Terraform sources their providers and modules from the Terraform registry which is located at registry.terraform.io

  • Providers is an interface to APIs that will allow to create resources in terraform
  • Modules are a way to make large amount of terraform code modular, portable and sharable

Random Terraform Provider

Terraform Console

We can see a list of all Terraform commands by simply typing terraform

Terraform init

At the start of a new Terraform project we will run terraform init to download the binaries for the terraform providers that we'll use in this project

Terraform Plan

This will generate out a changeset, about the state of our infrastructure and what will be changed.

We can output this changeset ie. "plan" to be passed to an apply, but often you can just ignore outputting.

Terraform Apply

terraform apply

This will run a plan and pass the changeset to be executed by terraform. Apply should prompt yes or no.

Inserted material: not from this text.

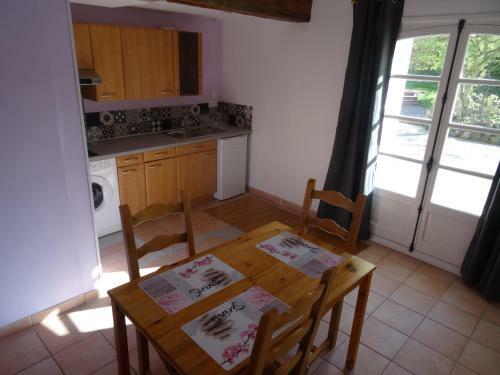 Hostal Grange Dimiere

Apply the --auto-approve flag to automatically approve a terraform transaction

Terraform Destroy

This will destroy resources. This can use the --auto-approve flag as well

terraform destroy --auto-approve

If you receive an Access Denied message when deleting, verify your permissions, groups and ensure you have the proper group name.

Troubleshooting tips:

Terraform Lock Files

.terraform.lock.hcl contains the locked versioning for the providers or modules that should be used with this project.

The Terraform Lock File should be committed to your Version Control System - i.e GitHub

Terraform State File

.terraform.tfstate contain information about the current state of your infrastructure .

This file should not be committed to your VCS. This file can contain sensitive information. If you lose this file, you will lose the knowledge of your infrastructure.

.terraform.tfstate.backup is the previous state file state.

Terraform Directory

.terraform directory contains binaries of terraform providers

Troubleshooting

1. Tailscale command not recognized on Macbook M2 Create a temp alias for tailscale

alias tailscale /Applications/Tailscale.app/Contents/MacOS/Tailscale

2. Error: Error deleting SSH key: DELETE https://api.digitalocean.com/v2/account/keys/BLAH

This error came up while attempting to create the SSH key and store it in DigitalOcean. I deleted "HackeOps" and "Dev SSH Key" and ran the below command without issue.

terraform apply -auto-approve -var "do_token=${DO_PAT}"

Also, verify the name in the CLOUD_SERVICE_PROVIDER_NAME_ssh_key resource, verify the name of the key is the same SSH key name you provided when uploading your SSH key.